Yes, it is easier to be nasty when you're not face to face. I've seen it on both sides of the progressive/conservative divide and you are right. It doesn't show the Church in the best light.

Another problem is that we tend to read the blogs of people we agree with. This leads to reinforcing the idea that we must be right because so many agree with us. It's almost like the NY times reporter in 1968 that can't believe that Nixon won the election - no one she knew voted for him!

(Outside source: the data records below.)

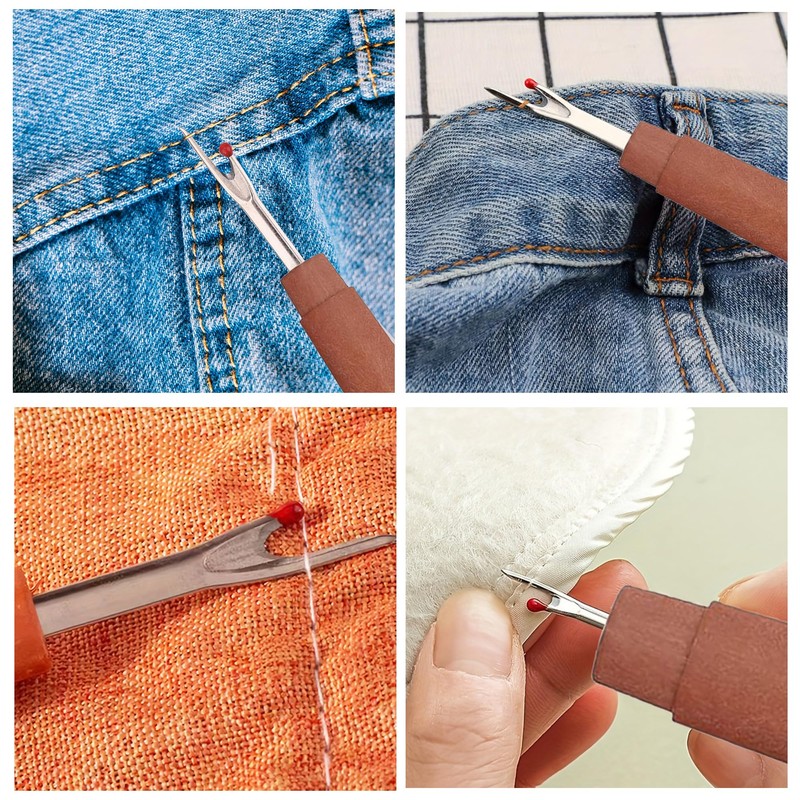 WedDecor Wooden Seam Ripper & Stitch Remover – Precision Tool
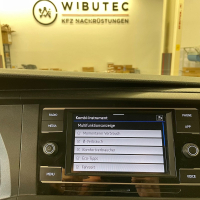 VW T6.1 Nachrüstsatz Multifunktionsanzeige / MFA / Bordcomputer Nachrüstpaket, für Fahrzeuge mit Geschwindigkeitsregelanlage und Heckscheibenwischer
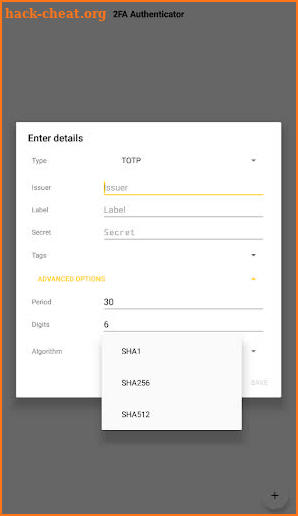 2FA - Two-factor Authentication screenshot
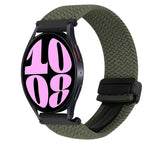 20mm Magnetische Schnalle geflochtenes Uhrenarmband, für Samsung Galaxy Watch 6, für Samsung Galaxy Watch 5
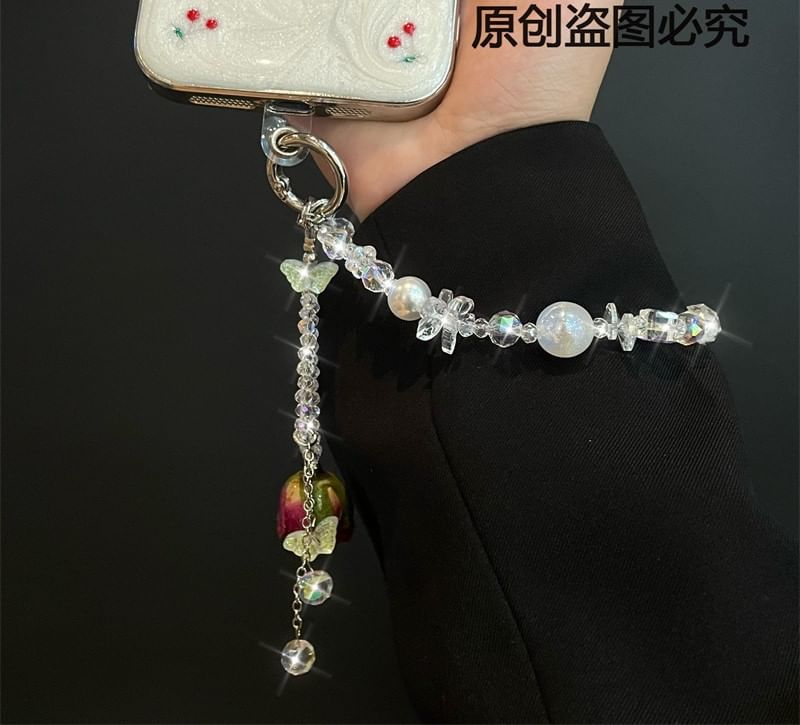 Phone with Lanyard Beaded Pad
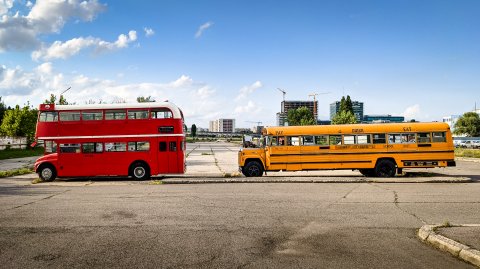 Autobuze exotice - Strada Fabricii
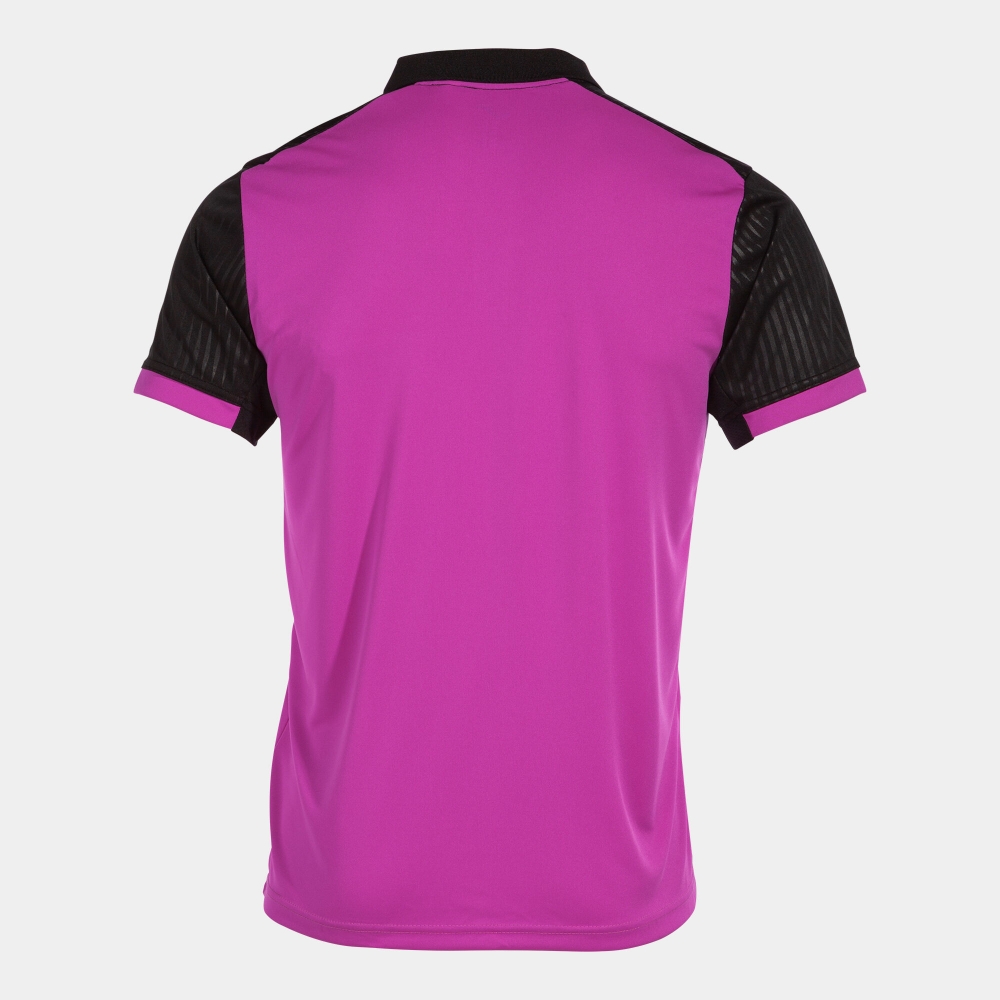 Montreal Maneca Scurta Polo Fluor Pink Black Joma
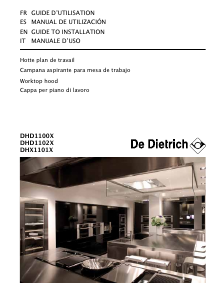 Manual De Dietrich DHX1101X Cooker Hood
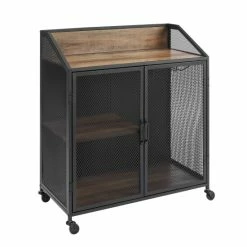Best reviews of ✔️ Middlebrook Designs Middlebrook Pierpont Industrial Mesh Bar Cabinet Rustic Oak ✔️ -Middlebrook Sales unnamed file 1557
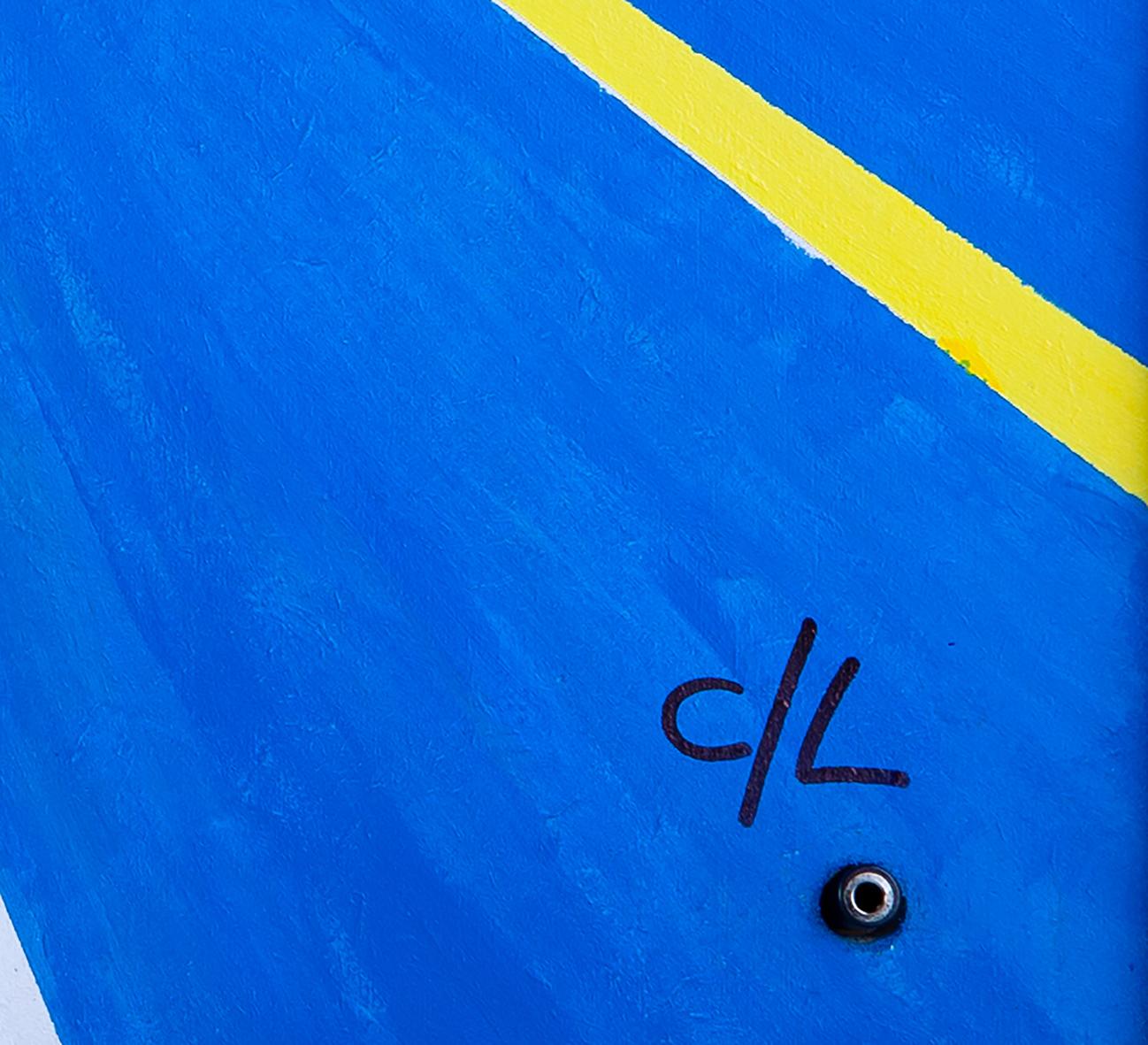  Christian Legier - Synchro - Dream Hotel - Eagles
55 x 55 cm
Unique work
I create the expansion of the vinyl sleeve, adapting it to my world. There's a jack in the painting, so you can listen to the album. In this way, my art can also be listened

So, what do we do about the heresy and schism in the Church today? Should we continue to let those who won't continue in the Apostles' teaching or in the Apostles' fellowship set the agenda?

Phil Snyder

Bryan Owen said...


I'm enjoying your series on the Baptismal Covenant and am pleased to see focused attention given to the meaning and practical implications of the promises we make - and regularly renew - in it.

I'm a bit surprised that, in addition to mentioning Holy Scripture and Holy Tradition, your answer to the question, "how do we know what the Apostles taught and what is essential and what isn't" does not include the first part of the Baptismal Covenant: the Apostles' Creed. After all, that Creed has traditionally been understood to succinctly summarize the core of the apostles' teaching. But perhaps that, too, is included within what you mean by Holy Tradition.

I think that the order of the "Questions of Promise" is very important and intentionally so. It is very significant that the first vow is about promising to "continue in the apostles' teaching and fellowship, in the breaking of bread, and in the prayers." This promise forms a bridge between the first part of the Baptismal Covenant (the "Questions of Trust" in the Apostles' Creed) and the second part in the "Questions of Promise."

So in addition to the points that you make, my reading of the first "Question of Promise" is something like this: okay, we've all said we believe certain things about God and Jesus, so now we're going to solemnly promise that this is more than just saying something with our lips. We're actually going to DO something about what we said we believe. We're not only going to make the effort to learn what the apostles' teaching actually entails - we're going to act on it. And we're going to attend worship (in particular, receive the Eucharist) regularly. So showing up and being active participants in Church on Sunday mornings becomes one of the top priorities of our weekly calendar.

Given the rampant individualism and busyness of our society, this is some pretty counter-cultural stuff!


plsdeacon said...

Hi Bryan,

I'm sorry its been so long to reply to this. I think that we need Holy Scripture and Holy Tradition because the Apostles' Creed is only the "core" of the Apostles' teaching. There is nothing in any of the creeds about any sin, just about what we trust to be true about God. So, would you be willing to maintain table fellowship with a priest who taught that adultery was good and should be blessed? If not, why not? After all, the Apostles' creed does not discuss adultery.

As you say, continuing in the Apostles' teaching entails learning what the Apostles' teaching entails. This is more than reading Holy Scripture. It entails learning what the Church has said about Holy Scripture. It entails putting that pistis into practice. True orthodoxy results in orthopraxis and orthopraxis will re-inforce our orthodoxy.